Of course, adding to the intrigue since YES launched in 2002 and SNY in 2006 is that every announcer is viewed through the prism of team-owned TV stations, especially during tough times. So far SNY has an admirable record of objectivity, a sensitive subject at Shea since Willie Randolph's infamous shot at its camera shot selection last month.Best then quotes Michael Kay who noted on his radio show the other day how much trouble he'd be in with the Yankees if he said half the stuff Keith Hernandez and Ron Darling said. Which is sad, of course, because fans aren't idiots. Especially New York fans who are exposed to more team news and information than anyone. They know when their team is playing poorly.
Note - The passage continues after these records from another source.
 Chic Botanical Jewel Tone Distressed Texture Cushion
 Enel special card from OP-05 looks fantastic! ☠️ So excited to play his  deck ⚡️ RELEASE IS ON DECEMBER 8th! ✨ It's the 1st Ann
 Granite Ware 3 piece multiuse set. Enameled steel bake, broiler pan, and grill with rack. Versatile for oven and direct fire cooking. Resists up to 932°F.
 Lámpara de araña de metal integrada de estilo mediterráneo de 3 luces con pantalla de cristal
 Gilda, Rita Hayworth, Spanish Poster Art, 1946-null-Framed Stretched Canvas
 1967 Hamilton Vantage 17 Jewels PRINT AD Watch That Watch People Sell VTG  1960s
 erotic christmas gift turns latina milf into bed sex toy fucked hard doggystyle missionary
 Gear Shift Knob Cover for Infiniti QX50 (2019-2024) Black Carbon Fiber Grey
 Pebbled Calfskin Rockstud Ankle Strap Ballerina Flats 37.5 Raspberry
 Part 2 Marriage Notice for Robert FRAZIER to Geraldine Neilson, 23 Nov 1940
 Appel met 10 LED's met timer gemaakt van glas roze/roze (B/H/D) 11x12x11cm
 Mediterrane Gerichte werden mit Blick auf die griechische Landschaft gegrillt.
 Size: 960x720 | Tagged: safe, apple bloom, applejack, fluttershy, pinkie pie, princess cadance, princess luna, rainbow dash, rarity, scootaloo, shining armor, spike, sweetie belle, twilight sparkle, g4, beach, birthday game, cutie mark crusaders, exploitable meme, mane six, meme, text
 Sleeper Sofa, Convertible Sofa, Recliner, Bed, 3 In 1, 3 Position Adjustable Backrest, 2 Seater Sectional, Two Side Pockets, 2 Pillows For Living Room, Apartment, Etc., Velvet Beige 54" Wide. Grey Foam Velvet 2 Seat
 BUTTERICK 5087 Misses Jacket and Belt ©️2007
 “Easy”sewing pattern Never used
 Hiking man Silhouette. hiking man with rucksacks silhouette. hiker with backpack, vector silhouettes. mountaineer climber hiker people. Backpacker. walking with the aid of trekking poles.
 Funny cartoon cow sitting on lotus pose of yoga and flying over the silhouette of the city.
They know when there is clubhouse unrest. They know when scandal is afoot. Against that backdrop, a team forcing its announcers to play Pravda to the ownership's Politburo is silly and, frankly, insulting to the intelligence of fans.
But it's complicated. Here is GM Omar Minaya during a visit to the booth Wednesday: "All of us are together in this. I know that Ron, you care; I know that Gary, you care. I know the radio guys . We are all in this as New Yorkers, and we want this to happen."
In this together? Like I said, SNY mostly has avoided that trap. Or taken a sledgehammer to it.
With the exception of Willie Randolph's recent complaints about camera angles, the Mets have been pretty good at biting their tongue. Is that because they understand the value of an independent and honest broadcast operation? Is it because they don't want to be seen cracking down on team icons like Darling and Hernandez?
I suppose we can't know that, but it probably doesn't matter. All that matters is that, for now, Mets fans are getting the unvarnished truth. That may make the Mets look bad in any given moment, but it makes them look much better overall.